Dickens (1812-1870) was part of the Fabian society in England. Other
notable writers included George Bernard Shaw and George Orwell. They
called themselves 'scientific socialists' a term later utilized by
the Soviets. Like all socialists, Dickens only saw the dark side of 
capitalism and ignored it's attributes. However it should be
noted that free enterprise was considerably more rigid in 
Great Britain because it had a class system combined with it. 
Unlike America, it was difficult to impossible to move upwards and 
people tended to be stuck in their caste from cradle to grave. So 
Dickens wrote fictional stories about protagonists who through strange 
circumstances or chance were able to improve their lives. Novels like
"Oliver Twist" are stories about fate rather than people taking the initiative 
to alter their conditions as in American novels. It's one of their flaws in my 
opinion. Fortunately, Dickens had a real flair creating believable antagonists 
and villains. They helped distract readers from his shaky narrative structures 
that were full of preposterous coincidences. Dickens also had a fondness for
wacky names which also lightened their tone.


Much of Dickens work had a thinly disguised anti-capitalist and
anti-class theme. "A Christmas Carol" certainly fell into that category.
Ebeneezer Scrooge is a userous money lender although I'm not sure where
he got his fortune from since it appears that a number of his clients were
unable to pay him back and went to debtor's prison. The other question I
always pondered was why Bob Cratchit had so many kids if he couldn't afford
to raise them on his salary. Wouldn't a smaller family been a wiser and more 
responsible choice for himself and society at large? I guess by asking that puts 
me at odds with the Fabians and their contemporaries then and now.


"A Christmas Carol" is ultimately a ghost story and some of it almost fits into the
Gothic horror category. Certainly Brian Desmond Hurst's version has appropriate photography with lots of sinister shadows and bizarre sound effects. What makes it work the best is the transformation of the lead character. Virtually any older thespian
can play a grumpy, heartless miser. But Simm's change into a compasionate
and loveable 'Uncle Scrooge' is so convincing and giddy that all of the other
players who have attempted this role come in second place.
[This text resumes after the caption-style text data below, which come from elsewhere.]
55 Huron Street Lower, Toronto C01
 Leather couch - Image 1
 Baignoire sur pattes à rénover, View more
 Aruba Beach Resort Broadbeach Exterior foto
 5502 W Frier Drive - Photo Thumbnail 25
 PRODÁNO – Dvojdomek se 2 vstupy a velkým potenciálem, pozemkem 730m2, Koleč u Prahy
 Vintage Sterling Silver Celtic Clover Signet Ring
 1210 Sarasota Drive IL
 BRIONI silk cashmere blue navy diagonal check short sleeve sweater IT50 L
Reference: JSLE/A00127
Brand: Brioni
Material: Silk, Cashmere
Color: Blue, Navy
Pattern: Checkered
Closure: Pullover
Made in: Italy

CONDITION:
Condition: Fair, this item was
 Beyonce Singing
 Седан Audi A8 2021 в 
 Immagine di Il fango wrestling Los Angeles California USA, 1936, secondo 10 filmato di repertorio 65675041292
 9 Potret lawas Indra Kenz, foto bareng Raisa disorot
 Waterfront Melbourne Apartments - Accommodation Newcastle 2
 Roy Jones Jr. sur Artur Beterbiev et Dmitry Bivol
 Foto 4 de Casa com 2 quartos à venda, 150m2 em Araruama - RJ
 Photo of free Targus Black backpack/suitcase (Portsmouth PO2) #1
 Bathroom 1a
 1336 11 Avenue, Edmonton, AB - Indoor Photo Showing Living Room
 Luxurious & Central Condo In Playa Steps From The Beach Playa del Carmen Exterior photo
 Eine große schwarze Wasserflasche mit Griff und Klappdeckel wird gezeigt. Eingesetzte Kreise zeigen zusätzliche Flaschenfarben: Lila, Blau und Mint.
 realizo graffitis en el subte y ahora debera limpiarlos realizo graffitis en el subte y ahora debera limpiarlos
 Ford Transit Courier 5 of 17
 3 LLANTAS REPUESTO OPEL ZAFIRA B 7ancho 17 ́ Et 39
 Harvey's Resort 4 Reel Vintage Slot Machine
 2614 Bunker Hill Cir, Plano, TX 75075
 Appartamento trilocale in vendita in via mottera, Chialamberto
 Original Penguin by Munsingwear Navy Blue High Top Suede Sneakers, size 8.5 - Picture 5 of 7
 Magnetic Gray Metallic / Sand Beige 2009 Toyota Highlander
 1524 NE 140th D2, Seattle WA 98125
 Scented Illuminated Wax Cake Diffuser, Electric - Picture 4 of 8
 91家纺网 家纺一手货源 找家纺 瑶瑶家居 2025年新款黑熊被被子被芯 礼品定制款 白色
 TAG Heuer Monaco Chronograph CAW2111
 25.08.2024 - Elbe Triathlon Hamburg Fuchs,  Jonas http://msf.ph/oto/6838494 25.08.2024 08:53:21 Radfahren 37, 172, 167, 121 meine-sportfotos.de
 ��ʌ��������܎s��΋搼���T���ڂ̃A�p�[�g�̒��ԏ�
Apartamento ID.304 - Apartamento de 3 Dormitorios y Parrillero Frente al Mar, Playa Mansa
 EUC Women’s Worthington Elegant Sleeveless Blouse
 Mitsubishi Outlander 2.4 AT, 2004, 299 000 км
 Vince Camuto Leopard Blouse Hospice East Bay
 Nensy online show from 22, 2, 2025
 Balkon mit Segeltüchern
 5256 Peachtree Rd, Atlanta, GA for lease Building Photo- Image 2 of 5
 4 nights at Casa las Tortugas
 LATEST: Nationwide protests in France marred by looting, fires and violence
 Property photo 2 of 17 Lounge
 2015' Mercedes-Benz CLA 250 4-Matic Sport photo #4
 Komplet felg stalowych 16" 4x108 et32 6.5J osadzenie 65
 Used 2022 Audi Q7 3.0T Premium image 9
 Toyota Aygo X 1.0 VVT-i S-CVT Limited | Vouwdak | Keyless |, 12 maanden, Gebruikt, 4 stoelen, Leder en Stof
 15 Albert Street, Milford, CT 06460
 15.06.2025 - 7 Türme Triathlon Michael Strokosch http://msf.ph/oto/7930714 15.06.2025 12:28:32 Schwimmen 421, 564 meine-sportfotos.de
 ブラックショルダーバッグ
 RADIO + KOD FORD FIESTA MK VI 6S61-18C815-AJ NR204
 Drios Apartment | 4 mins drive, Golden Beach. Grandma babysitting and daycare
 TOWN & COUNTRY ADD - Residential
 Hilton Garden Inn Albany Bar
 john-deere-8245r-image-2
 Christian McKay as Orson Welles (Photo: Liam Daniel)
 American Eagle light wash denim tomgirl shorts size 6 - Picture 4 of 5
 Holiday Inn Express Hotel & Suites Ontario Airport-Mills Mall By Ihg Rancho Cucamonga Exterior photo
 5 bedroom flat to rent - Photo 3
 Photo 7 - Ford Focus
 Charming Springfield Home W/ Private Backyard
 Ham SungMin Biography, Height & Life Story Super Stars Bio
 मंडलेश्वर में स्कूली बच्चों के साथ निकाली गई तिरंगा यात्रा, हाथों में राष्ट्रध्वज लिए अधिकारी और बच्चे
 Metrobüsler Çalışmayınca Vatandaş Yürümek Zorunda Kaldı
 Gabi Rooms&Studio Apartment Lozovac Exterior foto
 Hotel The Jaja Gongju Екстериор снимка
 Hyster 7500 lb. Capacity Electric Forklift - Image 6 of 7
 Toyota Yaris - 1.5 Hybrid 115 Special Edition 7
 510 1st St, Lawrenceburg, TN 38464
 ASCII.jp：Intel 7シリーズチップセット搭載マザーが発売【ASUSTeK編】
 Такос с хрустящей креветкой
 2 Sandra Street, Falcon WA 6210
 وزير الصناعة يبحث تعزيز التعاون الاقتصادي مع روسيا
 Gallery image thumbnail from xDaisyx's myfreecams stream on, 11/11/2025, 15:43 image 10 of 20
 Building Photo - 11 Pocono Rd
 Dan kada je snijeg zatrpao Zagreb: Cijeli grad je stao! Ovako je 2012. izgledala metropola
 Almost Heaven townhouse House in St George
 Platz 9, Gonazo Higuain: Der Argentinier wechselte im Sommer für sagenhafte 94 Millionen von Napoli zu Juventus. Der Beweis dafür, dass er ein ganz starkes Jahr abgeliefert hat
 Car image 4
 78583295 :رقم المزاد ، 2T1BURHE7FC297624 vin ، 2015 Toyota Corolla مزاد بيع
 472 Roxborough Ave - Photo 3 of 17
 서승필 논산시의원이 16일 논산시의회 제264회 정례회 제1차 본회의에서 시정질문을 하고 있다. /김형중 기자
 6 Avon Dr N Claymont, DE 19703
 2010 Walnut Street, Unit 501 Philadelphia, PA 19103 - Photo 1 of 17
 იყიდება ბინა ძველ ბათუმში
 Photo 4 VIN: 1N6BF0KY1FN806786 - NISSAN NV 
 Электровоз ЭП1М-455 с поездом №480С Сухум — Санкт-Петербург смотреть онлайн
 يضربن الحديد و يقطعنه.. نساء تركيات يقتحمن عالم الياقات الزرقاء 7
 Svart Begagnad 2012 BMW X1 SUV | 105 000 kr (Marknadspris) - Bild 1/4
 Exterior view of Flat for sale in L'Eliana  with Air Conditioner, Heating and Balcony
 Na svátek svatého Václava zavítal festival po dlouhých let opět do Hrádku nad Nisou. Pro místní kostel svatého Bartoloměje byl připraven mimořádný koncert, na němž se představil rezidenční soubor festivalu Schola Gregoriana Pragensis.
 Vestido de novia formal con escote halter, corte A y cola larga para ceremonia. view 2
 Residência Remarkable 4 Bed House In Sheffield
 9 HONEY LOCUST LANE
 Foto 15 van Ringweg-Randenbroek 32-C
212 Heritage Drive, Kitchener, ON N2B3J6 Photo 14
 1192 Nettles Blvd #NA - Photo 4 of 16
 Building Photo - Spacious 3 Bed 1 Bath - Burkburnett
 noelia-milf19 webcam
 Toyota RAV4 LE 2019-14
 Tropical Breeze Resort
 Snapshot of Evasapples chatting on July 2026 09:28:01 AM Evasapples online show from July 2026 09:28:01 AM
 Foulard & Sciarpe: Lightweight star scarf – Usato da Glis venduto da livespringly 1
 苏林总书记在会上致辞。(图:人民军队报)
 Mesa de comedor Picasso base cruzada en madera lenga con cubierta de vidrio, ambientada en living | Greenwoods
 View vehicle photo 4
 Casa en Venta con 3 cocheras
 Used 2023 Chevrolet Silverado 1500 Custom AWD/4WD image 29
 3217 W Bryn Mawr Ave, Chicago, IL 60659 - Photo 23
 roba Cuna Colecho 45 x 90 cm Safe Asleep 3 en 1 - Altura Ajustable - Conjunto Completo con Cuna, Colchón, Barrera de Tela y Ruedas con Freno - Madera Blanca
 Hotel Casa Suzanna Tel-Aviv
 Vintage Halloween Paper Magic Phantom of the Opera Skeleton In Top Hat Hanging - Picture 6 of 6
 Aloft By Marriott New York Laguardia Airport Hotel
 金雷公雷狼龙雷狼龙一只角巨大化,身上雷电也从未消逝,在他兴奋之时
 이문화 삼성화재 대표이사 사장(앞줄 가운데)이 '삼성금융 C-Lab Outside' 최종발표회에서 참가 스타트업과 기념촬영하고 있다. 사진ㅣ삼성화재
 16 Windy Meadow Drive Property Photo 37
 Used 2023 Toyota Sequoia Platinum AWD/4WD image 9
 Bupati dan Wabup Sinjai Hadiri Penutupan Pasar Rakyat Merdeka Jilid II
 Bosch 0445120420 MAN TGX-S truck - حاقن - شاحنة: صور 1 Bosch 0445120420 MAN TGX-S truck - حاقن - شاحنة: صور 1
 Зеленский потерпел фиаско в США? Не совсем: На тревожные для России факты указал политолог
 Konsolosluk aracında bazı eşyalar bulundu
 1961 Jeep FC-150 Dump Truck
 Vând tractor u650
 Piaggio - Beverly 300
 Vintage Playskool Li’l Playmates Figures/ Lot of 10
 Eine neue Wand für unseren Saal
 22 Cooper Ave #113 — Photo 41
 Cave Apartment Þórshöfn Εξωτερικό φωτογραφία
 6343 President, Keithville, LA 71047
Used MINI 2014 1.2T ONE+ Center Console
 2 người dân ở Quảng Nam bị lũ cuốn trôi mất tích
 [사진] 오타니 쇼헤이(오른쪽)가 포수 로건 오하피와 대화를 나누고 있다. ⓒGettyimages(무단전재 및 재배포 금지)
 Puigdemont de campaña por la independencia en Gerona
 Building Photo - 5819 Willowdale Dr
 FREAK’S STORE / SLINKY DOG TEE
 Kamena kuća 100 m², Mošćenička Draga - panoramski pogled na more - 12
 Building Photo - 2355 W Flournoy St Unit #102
Not only does
Simm alter his personality but he actually 'youthens' to the point where he
simply must stand on his head like a little boy.



There are many copies of this movie in the various formats including
VHS, Laserdisc and DVD. The only one worth purchasing is the last release
called "Ultimate Collector's Edition". It has a color photo of Simm smiling on
the cover. What's the difference? It's the first time the distributor had
actual film elements to master from. Up to now they only had videotapes
supplied by the owner to work with. Like "Miracle on 34th Street" this was 
another picture that was the victim of it's own success. This movie has been
printed over and over again so many times that the negative was pretty battered
and worn. So they were able to go directly from the 35mm negative in the US
and remove the wear and make it look brand new. But there's a proviso here...
The US negative was a duplicate negative not the original one which is still in
England. This negative did not have the full contrast range and gray scale
as the original so it looks a bit grainy and washed out at times. The image is
clean but it doesn't look as good as it could. I know there was a British PAL
DVD released in Great Britain which might have been mastered from first
generation sources but it's been discontinued so I'm unable to compare them.
Even though it's not perfect this DVD is certainly better than any of the previous
releases so I recommend it.


The audio is more problematical. British soundtracks were never as good as
US tracks back then. The duplicate one they shipped over was a bit overmodulated
and shrill making it sound worse. They created a simulated 5.1 version for this
disc which gives some echo to the ghosts but otherwise is still a bit distorted
when it comes to the music. There's also a poor colorized version which doesn't
work at all and undercuts the stlyish black and white photography. Even more absurd is a cropped widescreen version which chops off the tops and bottoms of the 1.33 composition. I have no idea why they created it.


The suppliments are mildly interesting. There's an extensive interview with
George Cole who played the younger Scrooge in the film. He's still recognizable
and discusses his friendship with Simm.


In Summary: Picture quality B, Sound C +, Cinematography A, Performances A +,
Story and Screenplay A


----------